Post-crossing Update:

Memories of my North Channel swim are still coming back to me in pieces and I am still understandably exhausted. Last night, we had dinner at Pier 36, an iconic restaurant and guest house in Donaghadee, with my observer, Cara Miller, and her lovely family so more thoughts on this swim have solidified. After dinner, the proprietor, Lewis Waterworth, got out the markers and I had the privilege of signing THE BOARD. This is a huge honor.

If I told you this swim was all rainbows and unicorns, you would have the right to call me a complete liar. So hard, especially with my crappy nutrition plan for which I take full responsibility and now have the opportunity to change if I choose to do so.

However, one thing sure is clear: I do have grit. I just kept going.

During this swim, something very unusual – for me – happened. There are times for the last several hours I simply don’t remember because I was moderately hypothermic, not severe, because I was still conscious. The cumulative effect of cold water and not ingesting enough nutrition had a huge impact at the end. The video Mark took of me at the end looks like another person (i.e., not me) is swimming, a poor one who can barely get her arms out of the water. This is very hard for me to watch because I thought I was just tiring. Lee got in the water to swim me in to the finish and said I didn’t notice that he was there for several minutes.

By the grace of God, there was a kayaker about to launch from the beach where I finished. Like all my other swims, I’d figure that I’d swim back to the boat, but had no idea that this was not possible due to the tidal waters at that point, and my deteriorated condition. Lee asked this ‘Angel Kayaker’ to paddle me back to the boat.

I have a very hazy memory of getting into the kayak and it was only later that they told me it was not under my own power; Lee and the kayaker had lifted me in. I have only a slight memory of getting back onto the escort boat, maybe because the four people who were lifting and hauling me into the cabin were quite gentle and carefully didn’t bang me around.

They got me out of my wet swimsuit, into dry clothes, and under a stack of blankets fit for a reverse reenactment of the Princess and the Pea. I didn’t realize Cara, the observer of my swim, had been massaging my limbs to get my circulation going, for a long time.

To end this particular swim, you must either touch the cliff face or stand up in waist-deep water. A bit unusual but due to the severity of the Scottish coastline, we now understand. So if I had touched the rock that was jutting out on a little peninsula about 1000 yards from the beach, I probably would’ve save myself a bunch of swimming and time. I never saw it even though Lee was pointing it out but since I wasn’t registering that Lee was there yet, let’s just say that it was a missed opportunity.
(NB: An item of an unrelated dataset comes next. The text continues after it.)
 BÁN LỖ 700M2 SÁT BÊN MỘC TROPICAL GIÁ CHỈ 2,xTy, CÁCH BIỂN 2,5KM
Then if I was hearing what Lee was telling me, “Stand up now!” when we were very close to the beach, I would’ve been done. But not Marcia. If there’s a beach, I’m going claw myself onto that beach to where there’s no water behind, quite ungracefully on all fours as was the case in this swim. I managed to slice a nice chunk of skin off one of my fingers in my quest to finish properly. I was operating on sheer instinct because I was so out of it. But I finished.

My throat has been sore since the swim. The end result of soaking one’s mouth/bod in salt water for 15 hours. Throat lozenges help immensely. My voice is also hoarse for the same reason. I just tried to voice record this so I didn’t have to type but my phone didn’t recognize my raspy voice and it was really hard to speak anyway.

My body remains puffy, from fatigue and brining in salt water for 15 hours. My hands are still so swollen I can’t get my wedding ring on and passing my watch over my wrist is still painful.

However, all in all, I finished. It wasn’t pretty or the way I had expected it to go. I had to reach deeper than ever before, not in some macho, hulking effort but continuing to move forward even though I didn’t realize how close to the brink of not finishing I was.

I had to earn this swim and I surely have a great respect for the North Channel.